CHAPITRE CXXXVIII.

Des demi-Auteurs, quarts d’Auteurs, enfin Métis, Quarterons, &c.


Tels sont ceux qui versent dans les Mercures & dans les journaux, ou de petits vers innocens, ou des morceaux de prose niais, ou des critiques sans lumiere & sans sel, & qui s’arrogent ensuite dans les sociétés le titre d’hommes de lettres : l’un a fait quatre héroïdes, & l’autre deux opéra comiques. Tantôt ils disent qu’ils ne sont pas auteurs, & ils ont la rage de faire imprimer tous les mois leurs petites rapsodies : tantôt ils vous disent qu’ils n’écrivent que pour s’amuser ; mais le public ne s’amuse pas de leurs amusemens.

Leur amour-propre est encore plus plaisant que celui des auteurs de profession ; parce qu’ils sont tout prétention, des pieds à la tête, à raison de leur profonde nullité.

L’un se fait comte au bas d’un madrigal ; celui-ci, marquis dans un almanach : ils déclament fort haut contre la médiocrité orgueilleuse, & tous sont orgueilleux & médiocres. Plusieurs font parade de leur naissance, non moins équivoque que leurs talens : ils alongent, tant qu’ils peuvent, les syllabes de leur nom, & prennent un journal pour nobiliaire de France. Ils soutiennent encore qu’ils n’impriment pas pour de l’argent : ce qu’ils prouvent si bien à chaque ligne qu’ils écrivent, qu’on voit assez qu’ils n’en n’auroient jamais pu faire leur métier. Mais s’ils ne prétendent pas au titre d’auteur, pourquoi se faire imprimer ? Ce n’est point une excuse de dire qu’on ne travaille que pour son plaisir, disoit Rousseau le poëte.

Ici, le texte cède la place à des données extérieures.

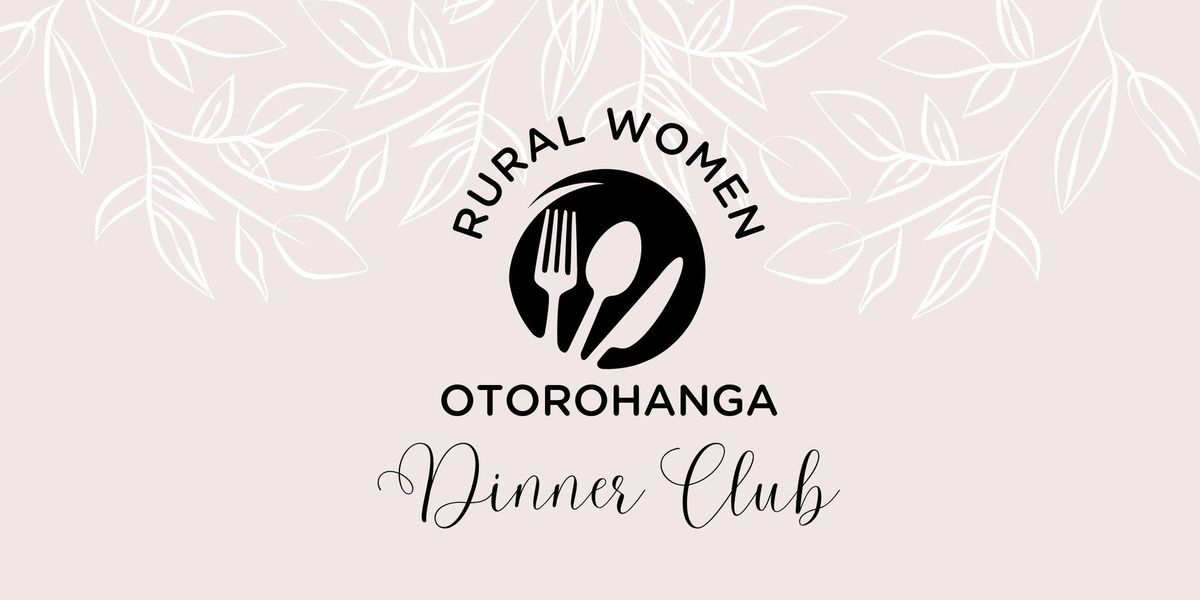 Rural Women Dinner Club - OTOROHANGA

On pourroit les comparer à ces guêpes qui tournent à l’entrée d’une ruche, sans pouvoir y entrer : jamais ils ne feront de miel, & ils ne parlent que de la fabrique du miel ; c’est bien pis encore, quand ils se donnent les tons de protecteur, quand ils arborent le drapeau de tel parti contre tel autre : loueurs impertinens, ou censeurs téméraires ; voilà leur devise.

Ensuite viennent les maîtres journalistes, feuillistes, folliculaires, compagnons, apprentis satiriques, qui attendent, pour écrire, qu’un autre ait écrit, sans quoi leur plume seroit à jamais oisive. Ils forgent ce tas d’inepties périodiques, dont nous sommes inondés dans les arsenaux de la haine, de l’ignorance & de l’envie ; ils sentent par instinct que le métier de jugeur est le plus aisé de tous ; & ils soulagent à la fois le double sentiment de leur impuissance & de leur jalousie.

Au nom du goût, ils mordent ou déchirent ; tous frappent & sont frappés : on croit voir des écoliers qui ont dérobé une lourde férule qu’ils s’arrachent tour-à-tour, & dont ils se donnent des coups violens. Des écrivains imberbes font la leçon aux anciens, & ne se la font jamais à eux-mêmes.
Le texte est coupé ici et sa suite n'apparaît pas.